Truck Stop has 8. My team, Revolver, has 5.

It’s halftime in the quarterfinals of Nationals. Elimination time. With the new format, no team is untouchable — even us, with our number one seed. From bottom to top we may be the better team, but they are playing the better game. The Pressure is palpable; it covers me, clogging my pores, fogging my head. I can’t tell if it’s the slight fever I picked up yesterday or if I’m just sick from fear. We lost last year in quarters. Both teams know this. I slump under the tent trying to hide from the grueling sun, attempting to mask myself from The Pressure.
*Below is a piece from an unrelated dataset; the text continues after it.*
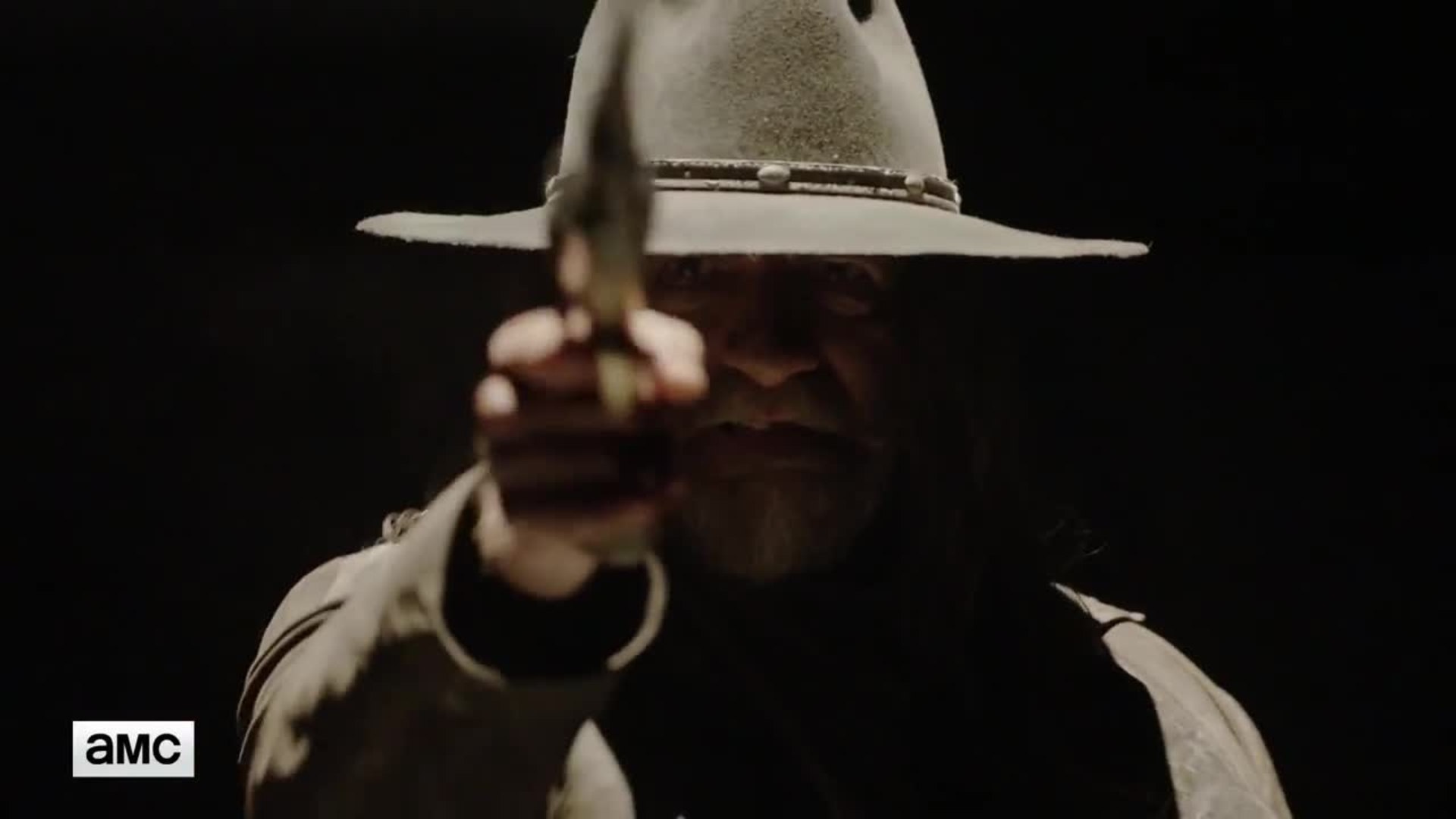 ⁣Preacher - S02 Featurette Crazy Action (English) HD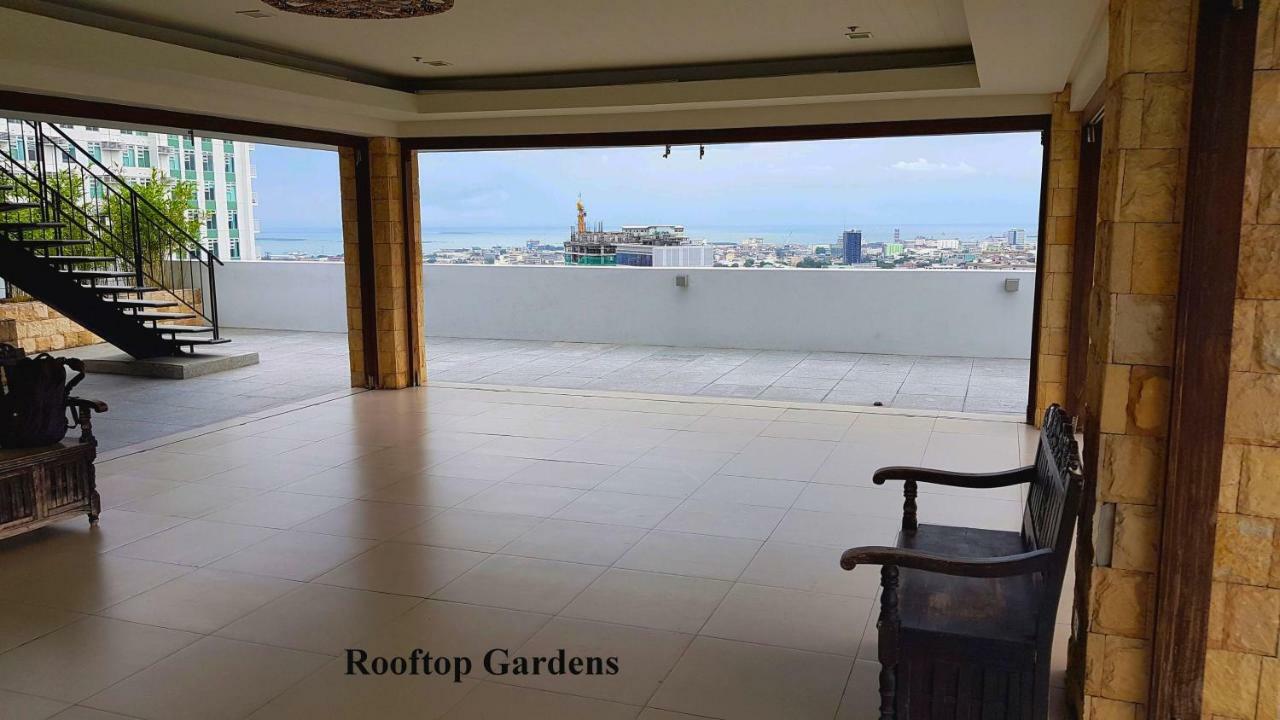 Avalon Condominium Cebu Kültér fotó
I take a sip of Gatorade. It tastes of rotten chalk. My thoughts rush through all the work I’ve done over the last year, but none of it matters. My usual confidence is in shambles; an injury to my rib has kept me from playing at a high level for almost three months and now our team’s life is on the line.

I take a sip of air. It hurts my sore throat. I start drowning in doubt.

“I can’t do it….we can’t do it.”

There is a pause, an audible pause, in my train of thought. I’ve never thought that before.

I had never felt Pressure of this kind. It was like being dragged to unknown depths of a dark ocean trench, crumpling my insides, crippling my outsides. No one else was down there.

Just me.

Alone.

Isolated.

Only I could save me. I’d become a self-absorbed personification of the player I hate, the one who can only see himself.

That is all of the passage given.